Part 2: The ‘systematic study’
At some point when your primary school teacher was getting your class ready to come up with a science fair project, you probably had a diagram similar to this hanging up somewhere in your classroom. This one comes from a science fair project website and just because it was made for 13-year olds doesn’t mean you shouldn’t print it off immediately and hang it in your office:
At some point the scientific method was probably covered again during your undergraduate studies, maybe even in more than one of your courses. This all likely seemed too easy and common sense when you were 13, and your brain was soon filled with more important details like chemical reactions and math equations and the entire Krebs cycle. The issue is when we get so bogged down with the practical parts of science that we forget about the common sense/intellectual parts of science. It’s easy to get lost in the details and the experiments that you have to run to get data, but if you don’t understand why you’re doing what you’re doing, you’ll end up flailing away in the lab running a thousand different assays without any clue as to where the meaningful answers are.

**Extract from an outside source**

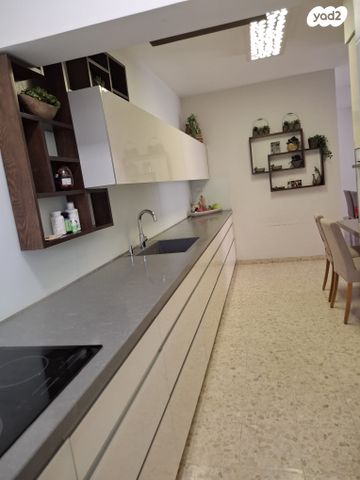 דירה, לח"י 6, הפרפר, קרית ביאליק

The scientific method may be common knowledge when you look at it, even 13-year olds can get the gist of it, but we can’t push it aside or think that the details are the only thing that matter. The scientific method is the heart and the core of science as a field of study. It’s what makes science science, a field of study where we are trying to figure out ‘the structure and behavior of the physical and natural world. ’ We do this not just by banging our heads against the wall or coming up with things out of thin air, but with a systematic study that we follow for every single thing that we do, if we are to call ourselves scientists. But when bogged down with the details and practicalities of science, where do we start in order to make progress towards making sense of the world? We go back to the beginning, once again: We ask a question.
Part 3: ‘Observation and experiment’
Look back at the start of the scientific method diagram. Where does it begin? With a question about why you’ve seen something. In the case of your work, what you ‘see’ is what the literature in your field has told you already. What did someone find but couldn’t explain with what was already known? That’s what you’re setting out to do: to explain something that’s currently unknown. The observation part is what we do to understand what’s known and to help us ask a good question. The experiment is what we do to understand what’s not known and the work you do will lead you to an answer. And it’s not a good answer or a bad answer, it’s just an answer to your specific question.

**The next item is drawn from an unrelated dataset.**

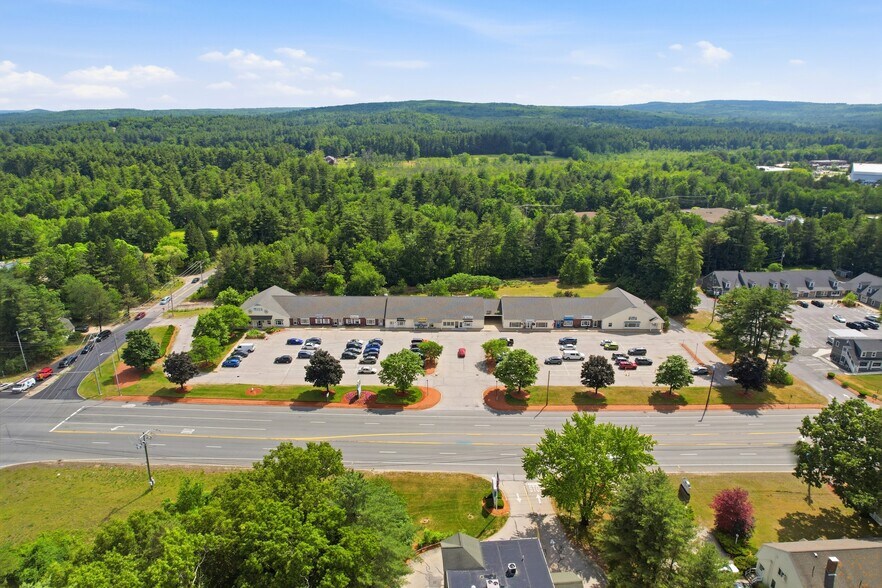 141 Route 101A, Amherst, NH à louer - Photo de l’immeuble – Image 3 sur 6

While you can debate on the relevance of 1100+ significant p-values in 538’s article (perhaps there should be a multiple testing correction added into the widget), the take-home message in regards to science is this: The key part of science isn’t in finding good answers, but in asking good questions. You can play around with variables and experimental designs and will likely find different results every time. There’s a million ways to find an answer, and changes in policies and ideas about science are indicative of this: eggs are good, eggs are bad, don’t eat carbs after midnight, carbs don’t matter, Pluto is a planet, no it’s not.

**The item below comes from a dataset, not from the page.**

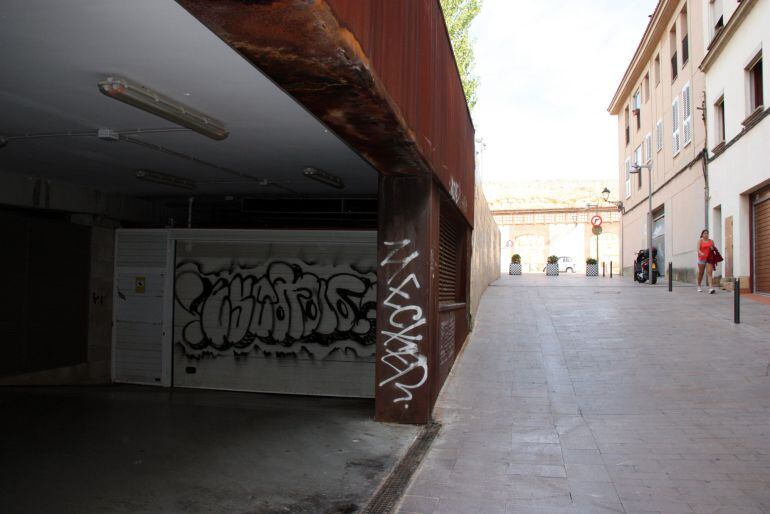 Els tarragonins volen que el pàrquing fallit de Jaume I es converteixi en un espai polivalent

But what’s at the crux of science isn’t the answers, it’s the questions. And when you ask good questions, the answers you get back (regardless of what they are) are the meaningful ones that withstand the test of time and replication. So whether you just desperately want to be 'Phinally Done' or are setting out to 'Phucking Do it' or feel like you're always 'Piled higher and Deeper', remember that what you're towards is becoming a Doctor in Philosophy, and that a Ph.D. is not just about doing good science but in becoming a great scientist.